Story by June Morrall
Email June ([email protected])
Gold is the seductress that weaves a spell over those who become obsessed with finding her.
Pulses raced when the official 1888 “Report of the State Mineralogist” listed the discovery of a ledge of quartz, said to contain silver and gold on Ote Durham’s Tunitas Creek ranch.
Speculators were also panning for gold on the glittering black sands of the Denniston Ranch, located about one mile north of Amesport Landing in Miramar. Prospector interest in this beach was maintained for two years when W.R. Welch announced his plans to use a new invention that tested the gold richness of sand. Evidently the gold detector was worth the investment: Welch supposedly found enough of the precioius metal “to yield a good margin of profit.”
A later edition of the “State Mineralogist” tells us that the source of “the fine gold that trickled down Denniston Creek could probably be traced to the quart veins found in “Montara granite rock.”
In the early 1950s three ounces of gold, one ounce of silver and a small quanity of platinum were said “to have been produced fro placers in the vicinity of Pescadero Beach by small-scale methods.”

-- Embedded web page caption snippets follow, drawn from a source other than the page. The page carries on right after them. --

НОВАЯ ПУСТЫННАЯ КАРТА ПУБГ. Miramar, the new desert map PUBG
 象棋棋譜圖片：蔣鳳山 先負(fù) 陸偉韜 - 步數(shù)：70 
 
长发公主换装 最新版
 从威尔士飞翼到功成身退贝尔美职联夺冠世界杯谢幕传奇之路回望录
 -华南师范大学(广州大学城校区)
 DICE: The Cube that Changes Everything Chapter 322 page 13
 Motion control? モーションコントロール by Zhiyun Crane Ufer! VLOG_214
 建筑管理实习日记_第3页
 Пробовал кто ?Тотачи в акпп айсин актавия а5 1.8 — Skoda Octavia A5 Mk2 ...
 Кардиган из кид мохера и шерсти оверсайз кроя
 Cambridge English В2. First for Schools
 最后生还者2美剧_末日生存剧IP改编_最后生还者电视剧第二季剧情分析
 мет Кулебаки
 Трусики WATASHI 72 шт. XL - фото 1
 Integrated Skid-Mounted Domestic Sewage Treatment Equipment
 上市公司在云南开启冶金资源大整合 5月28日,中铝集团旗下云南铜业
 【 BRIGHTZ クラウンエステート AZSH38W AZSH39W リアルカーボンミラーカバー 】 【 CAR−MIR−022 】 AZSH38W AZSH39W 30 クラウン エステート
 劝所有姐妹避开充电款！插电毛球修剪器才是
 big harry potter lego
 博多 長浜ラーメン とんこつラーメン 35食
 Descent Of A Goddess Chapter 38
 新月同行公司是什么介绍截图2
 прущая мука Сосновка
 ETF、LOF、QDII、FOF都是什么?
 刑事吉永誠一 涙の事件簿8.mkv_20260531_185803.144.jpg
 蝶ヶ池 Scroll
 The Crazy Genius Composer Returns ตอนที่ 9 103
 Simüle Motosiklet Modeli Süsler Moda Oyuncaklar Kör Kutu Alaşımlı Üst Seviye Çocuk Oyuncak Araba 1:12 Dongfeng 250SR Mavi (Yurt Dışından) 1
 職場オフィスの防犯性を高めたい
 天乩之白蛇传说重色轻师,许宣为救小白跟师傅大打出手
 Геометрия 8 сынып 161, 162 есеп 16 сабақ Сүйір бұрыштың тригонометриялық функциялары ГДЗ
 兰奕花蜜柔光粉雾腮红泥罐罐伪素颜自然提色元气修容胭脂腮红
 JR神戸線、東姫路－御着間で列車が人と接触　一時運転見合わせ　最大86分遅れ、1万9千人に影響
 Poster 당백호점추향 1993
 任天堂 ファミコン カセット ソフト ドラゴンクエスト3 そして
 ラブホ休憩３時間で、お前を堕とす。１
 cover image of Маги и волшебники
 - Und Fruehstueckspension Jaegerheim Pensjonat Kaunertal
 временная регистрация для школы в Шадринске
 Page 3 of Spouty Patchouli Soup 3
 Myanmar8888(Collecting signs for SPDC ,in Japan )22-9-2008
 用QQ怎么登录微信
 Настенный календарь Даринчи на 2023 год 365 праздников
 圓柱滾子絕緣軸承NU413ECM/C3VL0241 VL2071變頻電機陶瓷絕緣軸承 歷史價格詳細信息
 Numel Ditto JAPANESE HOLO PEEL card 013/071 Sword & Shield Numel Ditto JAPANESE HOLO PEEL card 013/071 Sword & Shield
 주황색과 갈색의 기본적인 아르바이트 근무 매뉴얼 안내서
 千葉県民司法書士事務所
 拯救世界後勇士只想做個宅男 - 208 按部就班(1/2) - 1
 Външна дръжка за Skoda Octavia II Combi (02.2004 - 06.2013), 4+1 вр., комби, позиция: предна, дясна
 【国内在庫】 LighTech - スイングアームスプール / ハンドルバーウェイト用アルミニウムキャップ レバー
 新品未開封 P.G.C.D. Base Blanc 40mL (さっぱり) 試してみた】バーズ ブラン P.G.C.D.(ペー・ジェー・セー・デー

In 1913, inquiries swamped the San Mateo County Clerk’s office regarding an alleged cache of gold, said to be worth $300,000, that had been buried somewhere on the old Herling ranch in Half Moon Bay. The Herlings were described as a wealthy, distinguished family from Austria who left their country “under mysterious circumstances.”
The Herlings gold (if it ever actually existed) was never found.